My exploits at Collabora Multimedia currently involve a brief detour into hacking on Rygel, specifically improving the DLNA profile name guessing. We wanted to use Edward‘s work on GstDiscoverer work, and Rygel is written in Vala, so the first thing to do was write Vala bindings for GstDiscoverer. This turned out to be somewhat easier and more difficult than initially thought. :)
There’s a nice tutorial for generating Vala bindings that serves as a good starting point. The process basically involves running a tool called vapigen, which examines your headers and libraries, and generates a GIR file from them (it’s an XML file describing your GObject-based API). It then converts this GIR file into a “VAPI” file which describes the API in a format that Vala can understand. Sounds simple, doesn’t it?
Now if only it were that simple :). The introspected file is not perfect, which means you need to manually annotate some bits to make sure the generated VAPI accurately represents the C API. These annotations are specified in a metadata file.
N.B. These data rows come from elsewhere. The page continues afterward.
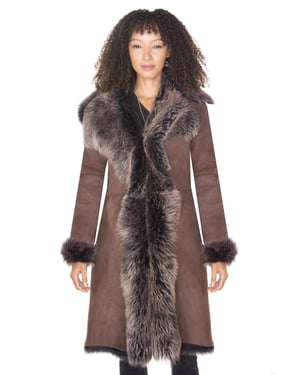 Damen-Trenchcoat aus Toscana-Schaffell-Wildleder-Tbilisi
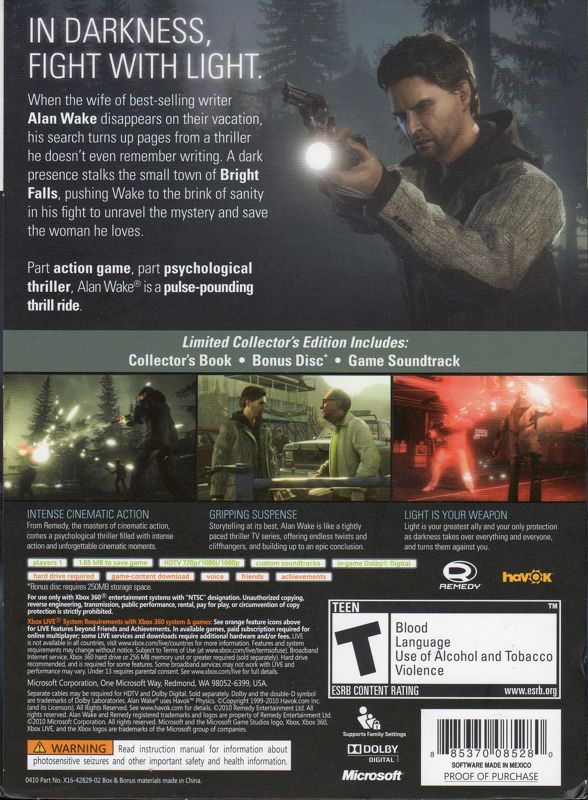 Back Cover for Alan Wake (Limited Collector's Edition) (Xbox 360)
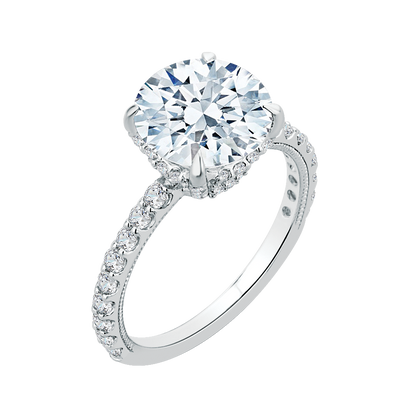14K White Gold Round Diamond Engagement Ring (Semi-Mount)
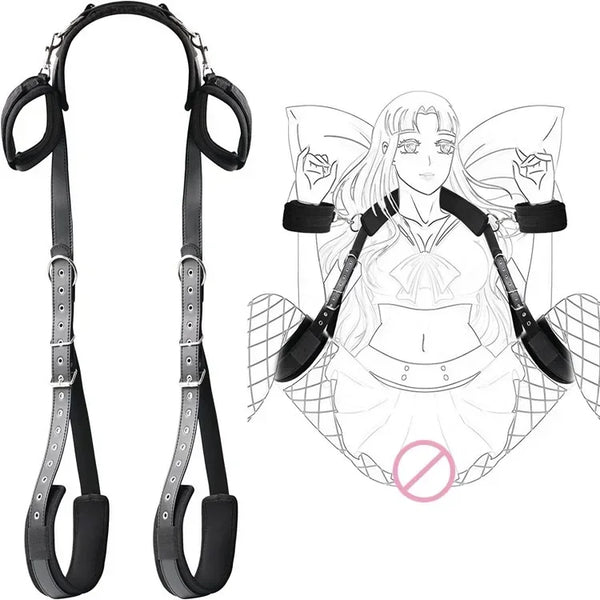 BDSM Bondage Set – Complete Set with Handcuffs, Thigh Bands & Neck Support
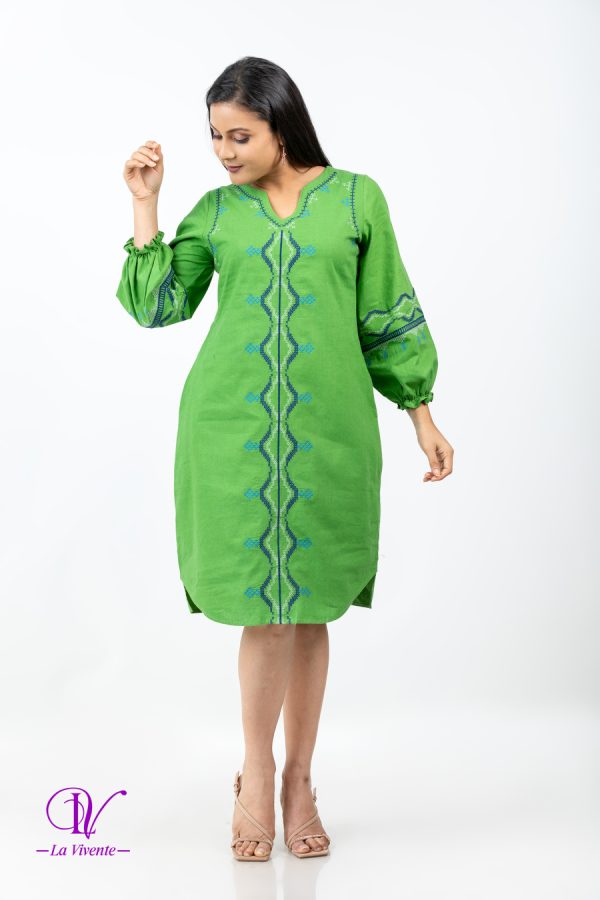 Geometric Embroidered Puff Sleeved Short Dress - Image 5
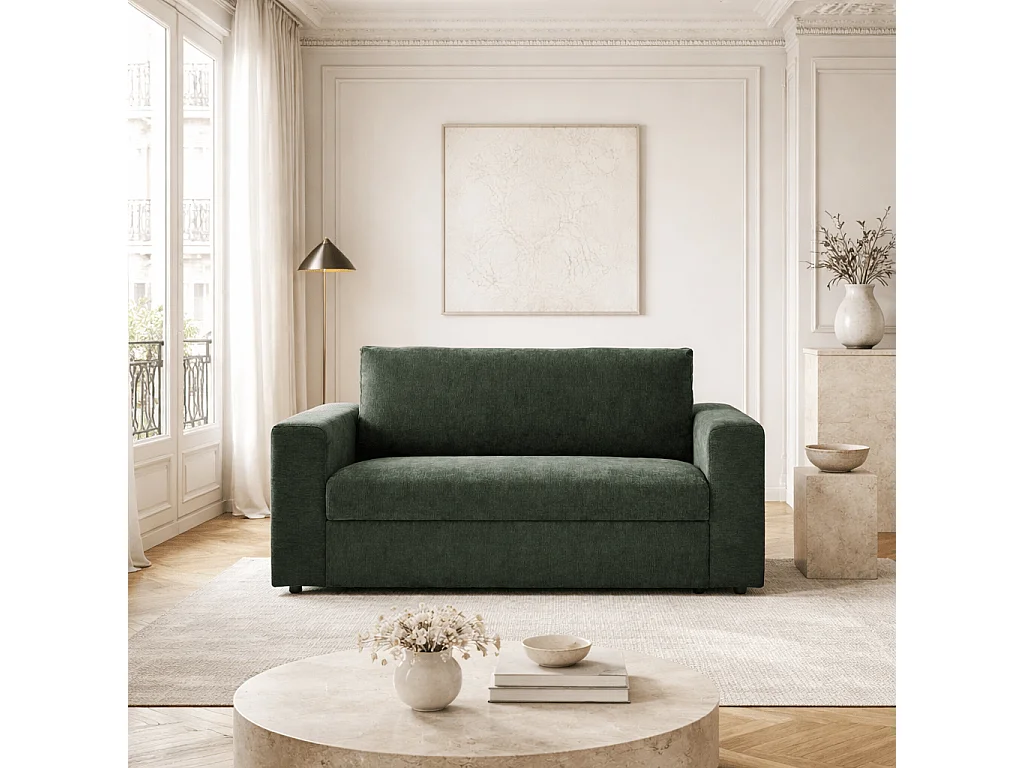 Canapé droit convertible tissu 2 places vert ZAYEN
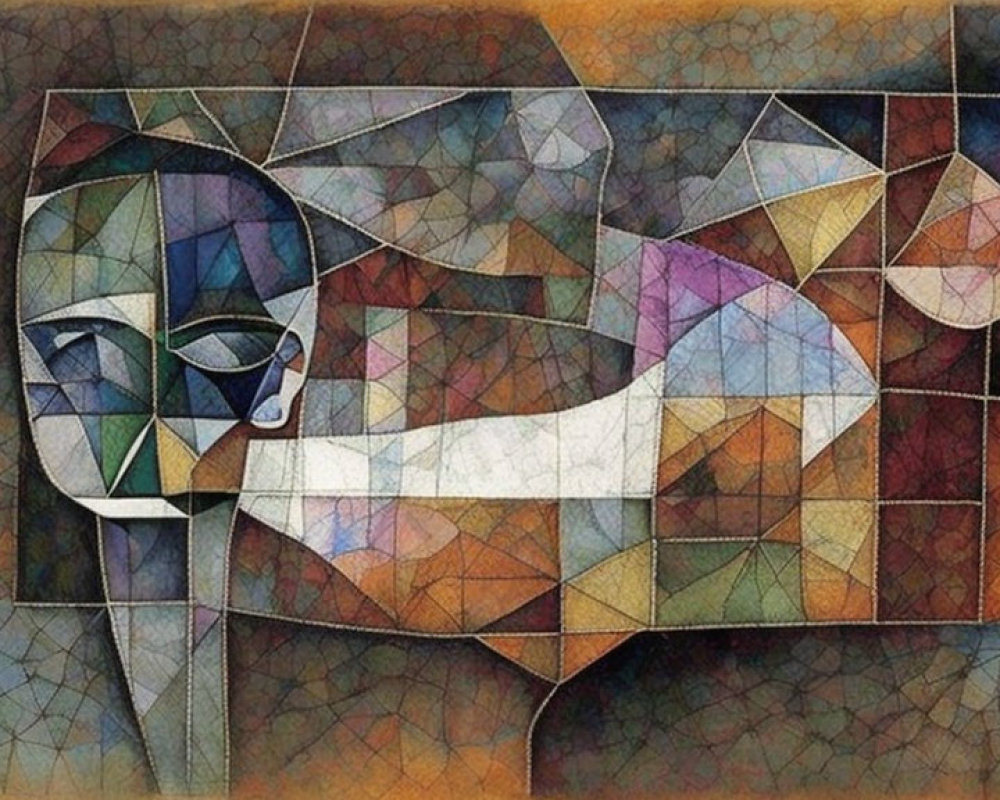 Colorful Cubist Abstract Artwork: Geometric Human Profile in Light and Dark Contrast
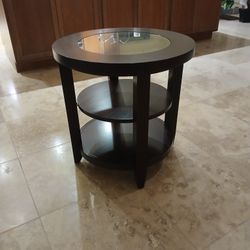 End Table - Wood And Glass 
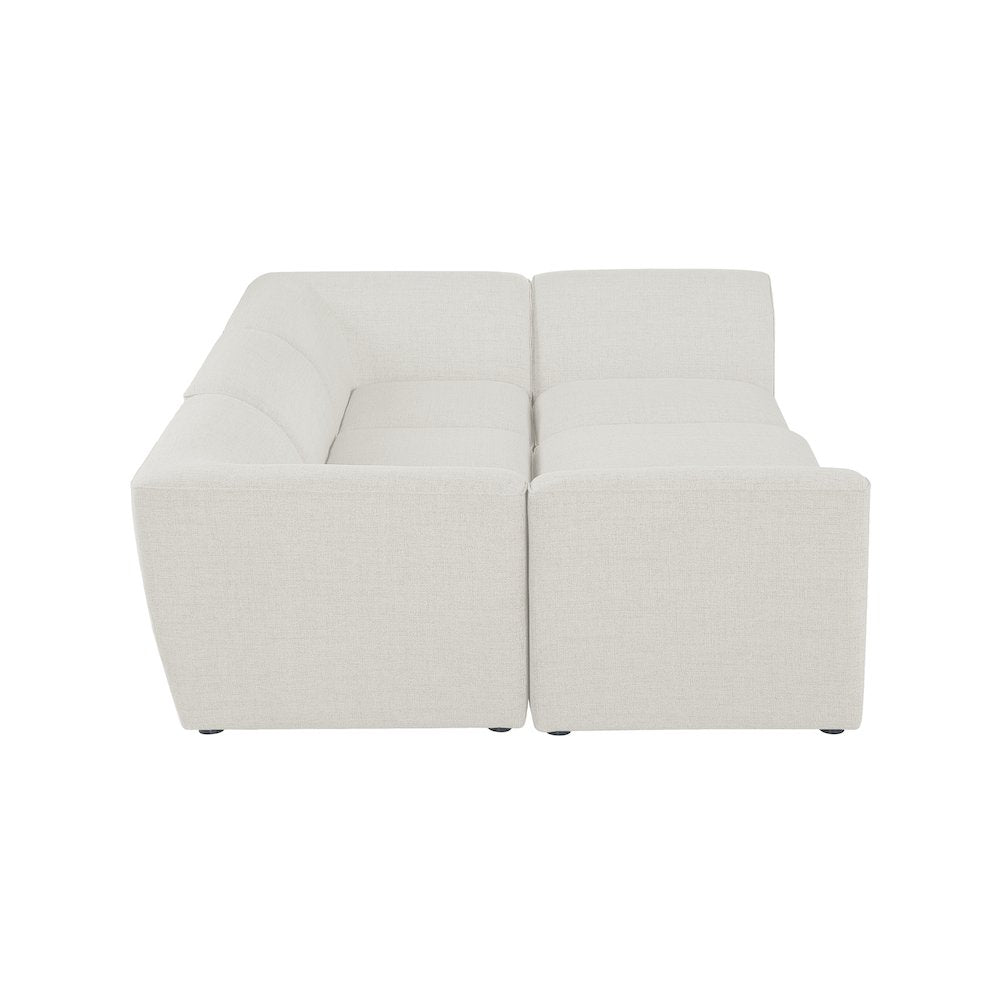 Miramar Cream Durable Linen Textured Modular Sectional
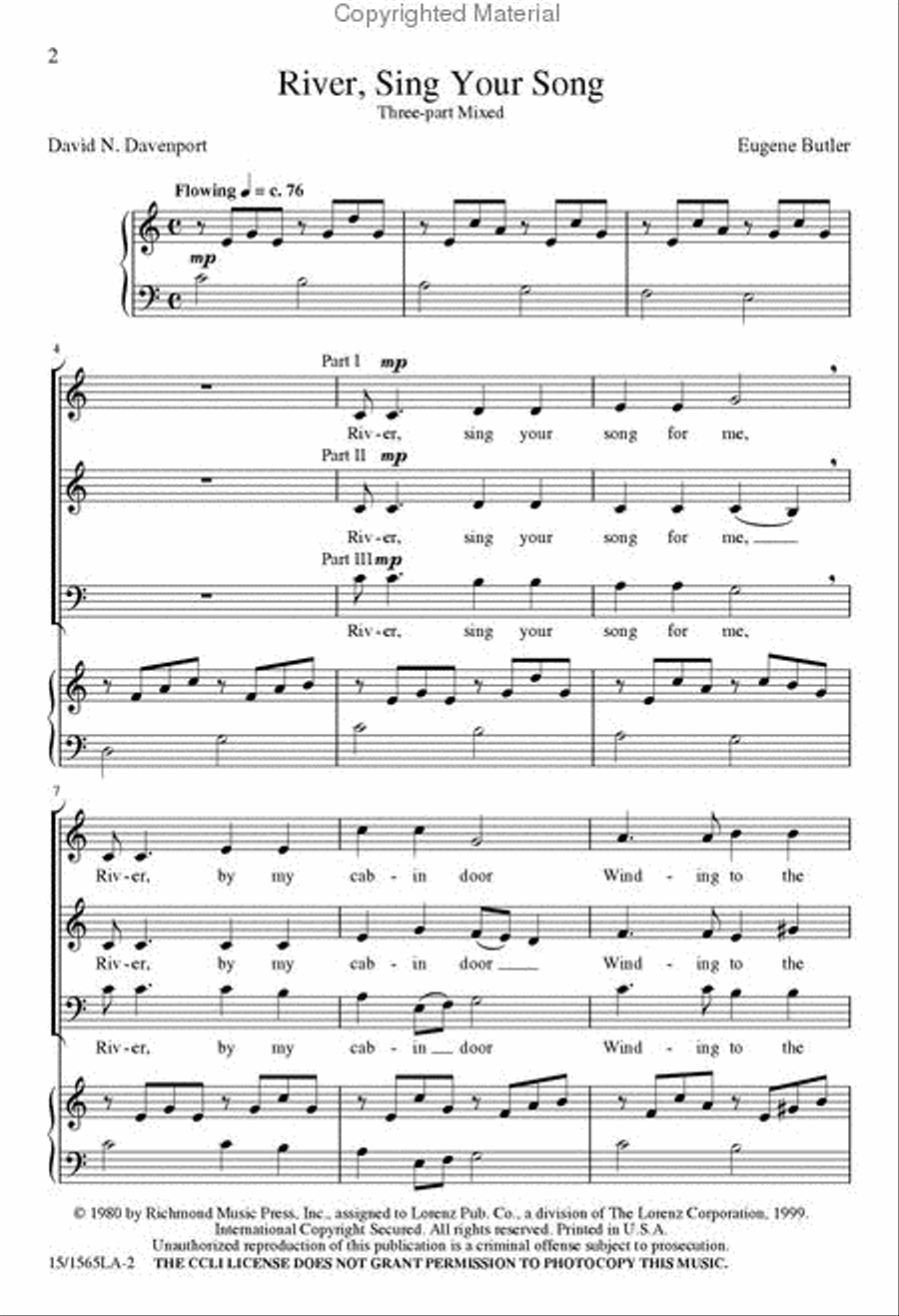 River, Sing Your Song 3-Part scores gallery preview page 2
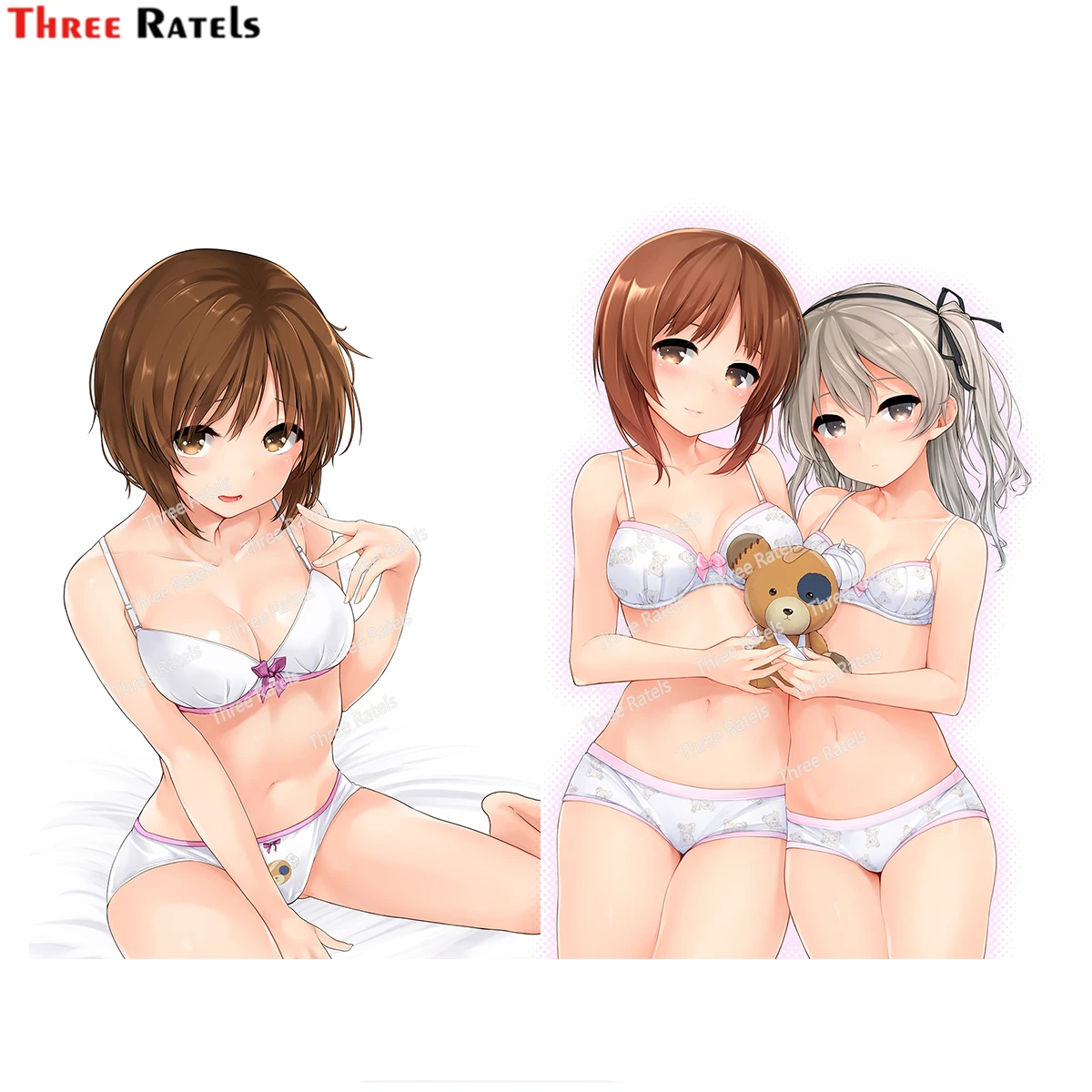 

Автомобильные водонепроницаемые виниловые наклейки Three Ratels H201 Nishizumi Miho Shimada Arisu и Boko Girls Und Panzer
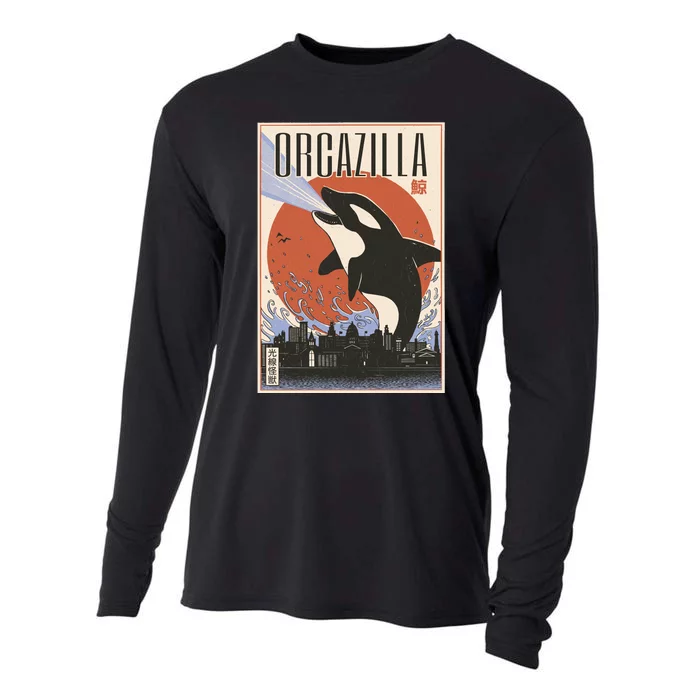 Orcazilla Japanese Poster Orca Cooling Performance Long Sleeve Crew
You need to include things like “the string returned by this function must be freed by the caller” (that’s a transfer_ownership), or, object type Foo is derived from object type FooDaddy (specified using the base_class directive). Not all these directives are documented, so you might need to grok around the sources (specifically, vapigen/valagidlparser.vala) and ask on IRC (#vala on irc.gnome.org).
All said and done, the process really is quite straightforward. The work is in [my gst-convenience repository][arun-gst-conv-ks.git] right now (should be merged with the main repository soon). I really must thank all the folks on #vala who helped me with all the questions and some of the bugs that I discovered. Saved me a lot of frustration!
I’ve already got Rygel using these bindings, though that’s not been integrated yet. More updates in days to come.